Hop, skip and jump through this collection of resources, opinions and links for the content-scientious.

Wednesday, March 28, 2001

Rant #2
Internet Continues to Confound Hollywood

Musings from the Tech Summit in Aspen, Colorado -- part of the U.S. Comedy Festival where Hollywood re-contemplates the internet and how to exploit it.

Attending a panel discussion entitled "Is the Internet Television?" I had to laugh at the narrow-aperture on the lenses of these Kings of Content expressing their fear and loathing of the slippery new medium that they can't quite get their hands around -- like chasing a greased pig at the county fair. They can't understand it because it is such a different beast. Hollywood still sees the internet as a distribution channel -- which it is. But it is so much more.

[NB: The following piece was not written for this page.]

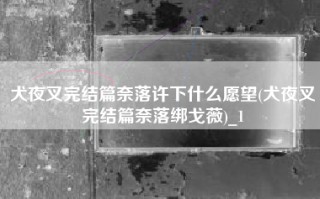 犬夜叉完结篇奈落许下什么愿望(犬夜叉完结篇奈落绑戈薇)_1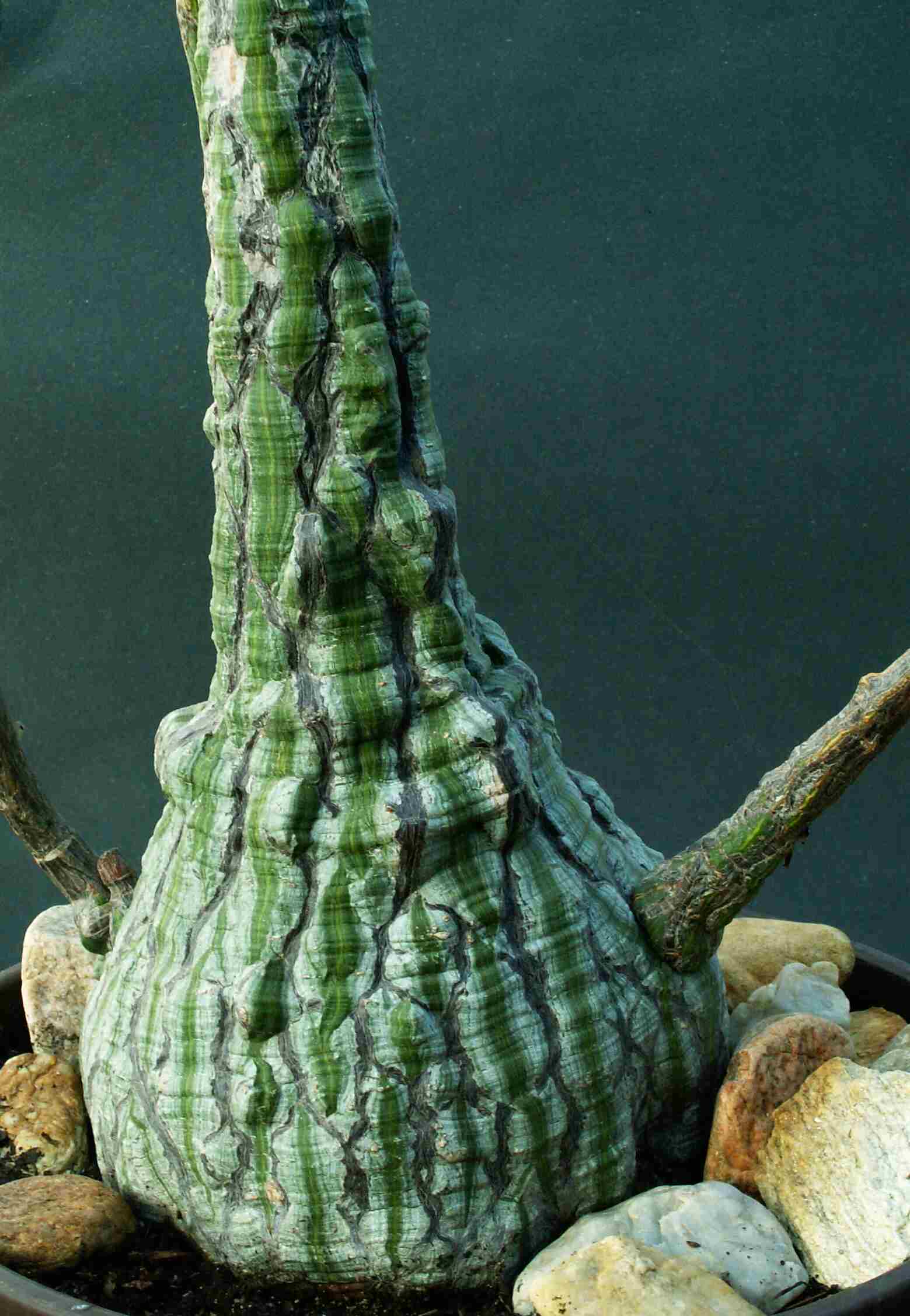 Bombax elipticum (Mexiko)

They laugh at it because it has no bandwith. It can't deliver. Movies, they scoff, can only be a couple minutes long. (So what? Maybe there's a future in 2-minute movies... actually it is a burgeoning art form taking shape on iMacs and laptops around the globe). The only thing it's good for, they giggle, is porn. But the bigger problem is how Hollywood only understands the all-controlling top down content creation and distribution model. It only understands large volume, big budget, mass appeal projects. Hollywood only understands what it can control, dominate and exploit. Then along comes the internet which turns all that on its head (see Rant #1 weblog entry from 1/29/2001).

But back to the panel discussion on whether the internet is like television... Duh. No! McLuhanites will remember that television is a cool medium... it's passive entertainment. The 60 MHz lightwaves of the television picture wash over us — its soft light flickering across our transfixed faces like a "cool fire" replacing the hearth and fireplace of our ancestors. Television soothes us, passifies us and broadcasts at us. The Internet is a hot medium. It requires work. It requires reading, scanning, making choices, it takes us where we want to go, when we want to go there. We interact with it. It responds to our commands. The bottom line is that we are in control. We are in control of what we view yes... but with the internet we also can choose to be the publisher, the broadcaster, or more appropriately, the narrowcaster. Simply by using email, we become a unicaster! We are actively engaged and suddenly...(gasp!) We are Hollywood! That's what Hollywood can't understand. They are in denial. The unwashed masses can't create content. Not content of quality. Not like they do. And that may be true. But that may be the future.

Best remark from the panel: Nora Ephrom — We don't know what it's going to look like. It's still in the Milton Berle phase of the medium -- we're using it and thinking of it in terms of the last medium. Just as Berle was Vaudeville moved to television, Hollywood is still thinking of the internet as television moved to web browsers.

If HBO ever updates its site (what does that tell us about Hollywood's grasp of the new medium?), the Tech Summit panel discussions will be available online as promised.